LaBute, best known for In the Company of Men, removes the religious commentary in favor of his favorite topic: the war between the sexes.  But it goes nowhere.  Yes, the island society is a matriarchy, but we learn little about it, and nothing in the film compares and contrasts the behavior differences of the genders (unless Edward’s wild thrashing about is supposed to be representative of male action, and nasty smirking defines female life, in which case the film should be titled The Straw Man, not The Wicker Man).
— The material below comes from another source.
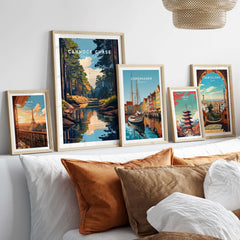 Cannock Chase Staffordshire England Travel Print alongside framed travel artwork on a cozy sofa.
Outside of knowing glances and comments made in hostile tones, the cult women do nothing, and Sister Summersisles gets little screen time.  Gone are the religious debates between Lord Summerisle (Christopher Lee) and the sanctimonious policeman.  In their place are a few moments of snarking.
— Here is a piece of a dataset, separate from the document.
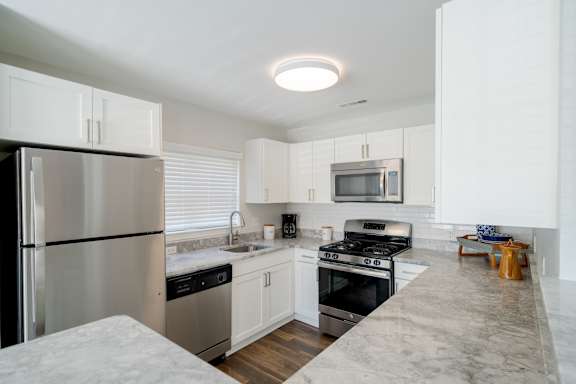 A kitchen with black appliances and white cabinets.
Gone as well are the songs and sexuality that marked the original.  It’s just as well that no attempt was made to update the musical numbers (the thought of Leelee Sobieski barking out a hip hop seduction number sends shivers up my spine), but the nudity and free, gleeful attitudes of the pagans are sorely missed.  Besides being exceptionally entertaining, Britt Ekland dancing in the buff made the pagans sympathetic, and thus made for a complicated movie.  No such complications here.  These femi-pagans are unlikable from the start.

OK, so all the original’s themes are gone, as is its artistry.  There’s none of the interesting Christian vs. pagan moments and none of the titillation.  But does this The Wicker Man stand up on its own, as a different type of movie—a pure, mindlessly, popcorn-chomping, horror flick?  Not for a minute.  It doesn’t need a masterpiece for comparison to prove that it sucks.  It proves it all by itself, with every ridiculous scene.  It’s never frightening nor tense, unless you count some gratuitous jump scares: Edward falls through a floor for no reason; Edward is attacked but it turns out to be a dream.  There’s even the doubly annoying ‘fake scare, wake up, second fake scare, really wake up” routine.

Character’s change their behavior arbitrarily.  If you can make sense of either Edward or Sister Honey, you’re a better person than I, or you’re just better at self delusion.  You’d get more consistent personalities with a random dialog generator.  As for the all important twist ending that made the ’73 version so memorable, it is dropped on the table at the midway point.  There’s no surprise, and no shock.

You could make a game out of spotting the many plot threads that are left dangling.  The men on the island are mute and stay there in servitude because…?  There’s a woman with bees on her face because…?  The pilot, who had to be in on the plan or we’ve got yet another plot hole, is murdered because…?  Honey asks to be taken away because…?  Honey attacks Edward because…?  There are twins everywhere because…?  (This is part of the bee hive metaphor that goes nowhere.)  Edward doesn’t ask Willow who it is that is watching her or why because…?  Perhaps the most bothersome unanswered question is: what happened to the mother and daughter hit by the semi?  Was that supposed to be staged?  It isn’t possible with the information we’re given, but then what is the point of it and how is it connected to the pagans?

But there may be a second life to The “New” Wicker Man, as a comedy.  It was impossible to watch this film in a theater without hearing laughter that increased as the film went on.  By the time Cage is doing martial arts wearing bear feet (yes, that’s bear feet, not bare feet), there’s no sign left of anything serious.  This could become a new audience participation flick, where everyone comes in furry slippers and yells, “You bitch,” at the screen every time it’s appropriate, which makes it a few hundred times.

Lacking in plot, dialog, setting, concept, theme, sense, emotional impact, acting, and entertainment, LaBute’s The Wicker Man has nothing but unintentional hilarity.